O procurador conta que, em casos como esse, não é preciso provar que as vítimas foram intoxicadas ou o que elas sofreram. É classificado como crime apenas por ter ocorrido a pulverização. “Não é necessário indício de contaminação. A partir do momento em que a pessoa passa por cima de uma comunidade é crime. Toda e qualquer falha administrativa no processo é caracterizada como crime.
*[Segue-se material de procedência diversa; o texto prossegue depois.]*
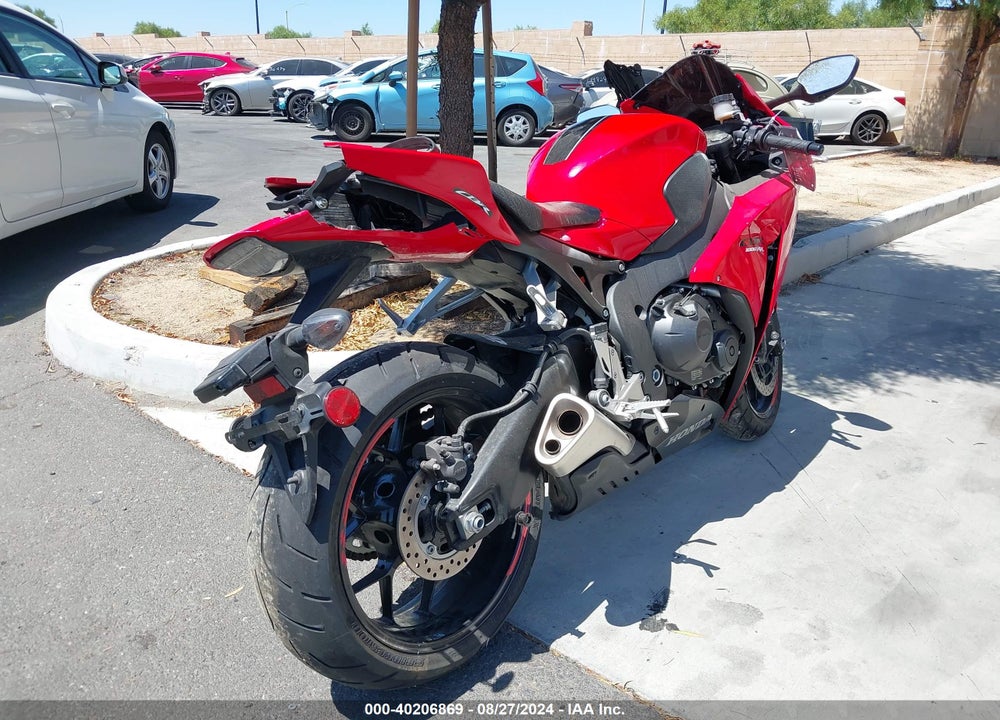 2015 HONDA CBR1000 RR VIN: JH2SC5974FK400015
A pessoa pulverizou fora das especificações legais, é crime”, explica.O triunfo dos indígenas da comunidade Tey Jusu ocorre em um cenário de diversas vitórias dos agricultores do Mato Grosso do Sul. Um caso recente e semelhante de pulverização irregular de agrotóxicos ocorreu com os guarani kaiowá comunidade indígena de Guyra Kambi’y, em Dourados (MS). Mesmo com um vídeo gravado que mostra o avião jogando pesticida próximo à comunidade, a Justiça considerou a acusação improcedente.

Em outro caso, o acusado confessou durante a audiência em 2018 ter pulverizado agrotóxico em cima de índios guarani kaiowá no município de Dourados. Mas acabou absolvido devido a um relatório do Ministério da Agricultura, que apontava que não teria indícios de contaminação.

“O mesmo Ministério que tem como um dos princípios institucionais a promoção do agronegócio é quem faz a fiscalização dos agrotóxicos. Há um claro confronto de interesses, o que faz com que a fiscalização seja extremamente limitada em relação aos agrotóxicos”, afirma o procurador.